In what situations are you more suspect to angry outbursts?

Rush me when I’m already rushed.

:: growls ::

Also, really loud noise, like **Dung Beetle **said. Don’t expect anything coherent coming out of my mouth when a fire alarm goes off, or an ambulance rushes past, sirens blazing.
That ambulance rushed past the other day, when me, my husband and our baby were out biking. I almost panicked that the sirens would panic my son as much as they did me (Hey, I was panicking anyway, I might as well panick over that). When I looked in his bike seat, the baby had slept through it.

I swear, that kid is going to be a liontamer someday. Not afraid of nothing, he is.

You better take it away; I have no idea how to use it!

Extreme neediness. As a teacher, I love to help people. I am happy to help people. But I hate the puppy-dog shit, the “Miss! Miss! I don’t have a pencil, Miss!” You’re fucking 17! Solve the problem. Preferably when it’s not the middle of a lecture. Ask your buddies sitting next to you. Look around on the fucking floor. Ask me, but at least have the courtesy to ASK me, don’t just tell me you have a problem with the expectation that I will drop everything to fix it.

The “I’m totally helpless and that’s not my problem, it’s yours” thing just drives me crazy.

A long time ago, almost anything, now…can’t think of outbursting for the last few years. Guess it goes away.

or maybe apathy grows

People who do the “Hi Opal!” thing wrong drive me to a murderous rage.* “Hi Opal!” is used only when you are listing exactly two things and have no third.

People who have lived in the United States for years but have not learned English who then get mad at me because I don’t speak their language make me furious.

There is a particular editor on Wikipedia who should just be killed. He says the most maddeningly infuriating, stupid things and then signs his post with some cutesy-poo “happy editing!” or “cheers!” sign-off.

*Not really, but it is more annoying to me than it ought to be.

One of us would have to die. And it wouldn’t be me.

Ignorance fought.

Several people trying to talk to me at once. Just SHUT UP and one at a time please!

Being lost. Something about being lost just drives me into an incoherent rage.

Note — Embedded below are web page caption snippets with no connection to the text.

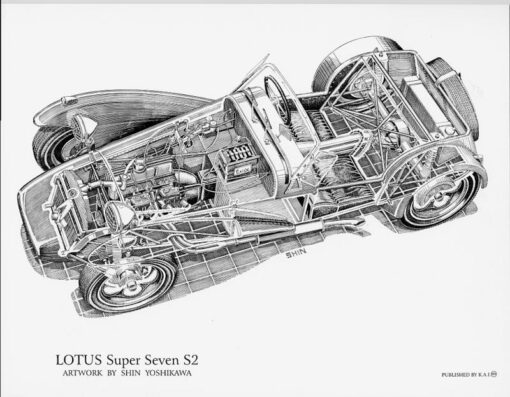 Lotus Super Seven S2 Cutaway 16 X 24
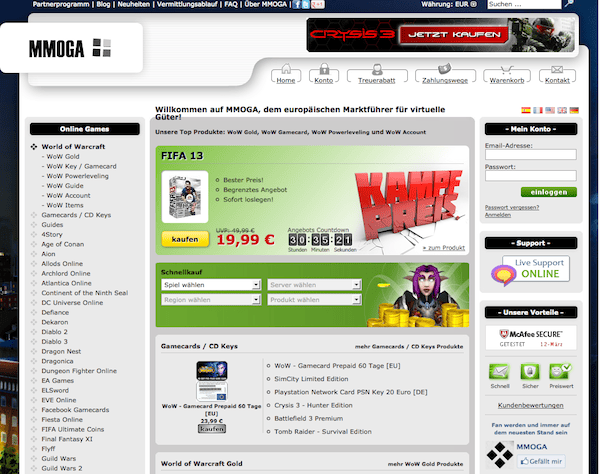 MMOGA - Spiele und virtuelle Güter Online Shop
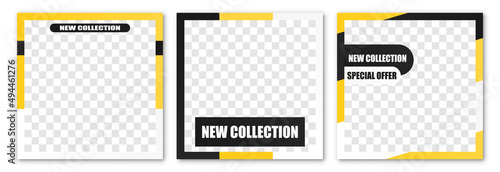 Vector set of editable banner templates. Banners with PNG insert. Banner template for advertising or discounts.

I bought a GPS for my car and I’m getting an iPhone for my person.

My biggest bugaboo is losing concentration when playing music. The public exposure plus the loss of control are a volatile mix. I lose all self-respect. Twice - no, not once, twice - I have taken a
saxophone off the strap and tossed it to the floor. It cost me hundreds in repairs. I didn’t care.

People close to me second-guessing me or telling me what I’m “going to” do next. It’s my life, not your lab experiment, so spare me the predictions.

Being asked to do something I’m doing at that moment. Can’t you take half a second to look and friggn see?

People addressing me suddenly from behind. I always jump. No, I can’t help it, and no, I’m not “goosey” or “wound too tight.” Make some kind of noise, please, any little thing, so I can turn around and prepare for company.

Total strangers speaking curtly, snappishly, or peremptorily. I may not blow my top, but I’ll dig in my heels, set my jaw and give them the stinkeye de luxe.

Both these things!

Oh, fuck me, that brings back memories of being a teacher’s aide in the 4th grade. Most days were fine, but every once in a while, I’d have afternoons where it seemed like every kid was playing the poor pitiful helpless act, and I’d literally have to bite my tongue to keep from lashing out. “Miss B, I need heeeeeeeeelp!!!” meant the kid was too lazy to copy a sentence already written on the board and wanted me to do it for him.

Or they’d ask me to move because they couldn’t see what was on the board while I was writing it.

I loved those kids, but, damn, sometimes it was hard to keep from shrieking, “SPANKINGS FOR EVERYONE,” and going to town.

I work in a restaurant, and during the busy season, angry outbursts are quite normal for all members of the staff. However, even during slow times, these things will always get to me:

  1. Excruciatingly bad handwriting on order tickets. Now, I’ve been a cook for coming on five years, and I’ve got a preternatural ability to read even the worst scrawl, but even my superpowers have their limits. If I have to spend more time figuring out what the hell you wrote than I would actually cooking your fucking order, there’s something wrong.

  2. Not knowing the menu, after having been on the job for more than, say, three months. If you have to ask me more than twice about what comes on such-and-such an order, you’ve just earned yourself a dumbass medal in my eyes. You do not deserve the tips you feel so entitled to.

  3. Standing around back in my station. The kitchen has all the free space of a U-boat and at any given time, there’s always more than one person back there. So, it goes without saying that space is at somewhat of a premium. If you’re a server and you have so little to do that you have to stand behind me and watch me make my orders, forcing me to work around you, then expect an angry outburst (or a rude shove, if I’m in a good mood that day).

  4. Trying to rush me or asking me to put your ticket ahead of the line. Sorry, you’re not the only server here with customers to serve, and cooking takes time if I want to do it right, and furthermore, secure you a decent tip (which, in turn, will secure me a decent tip-share at the end of the week). This applies doubly so for people who forget to hang their tickets until the last second and beg me out of desperation to jump the line for them. Sorry, you’re shit out of luck.

sigh Can I have my degree now, please?

I have twice – twice–knocked my music stand flat on the floor during the closing notes of a trombone solo performance. Audible gasps from the audience both times. It’s just that I would start getting really into it, and by the time I’d get to the end, in the upper range, I’d be kind of dizzy and a bit careless as to where my slide was going. Fortunately, both times this happened my brain and my mouth and my hands magically continued playing as if I still had the music in front of me. It’s not that I ever actively tried to memorize the piece, but I guess I’d rehearsed the damn thing enough times that I instinctively remembered what to play.

I can’t imagine anything that would make me harm my baby – in high school I was voted ‘‘Most Protective of her Instrument’’ – but damn, I know the kind of angst you’re talking about.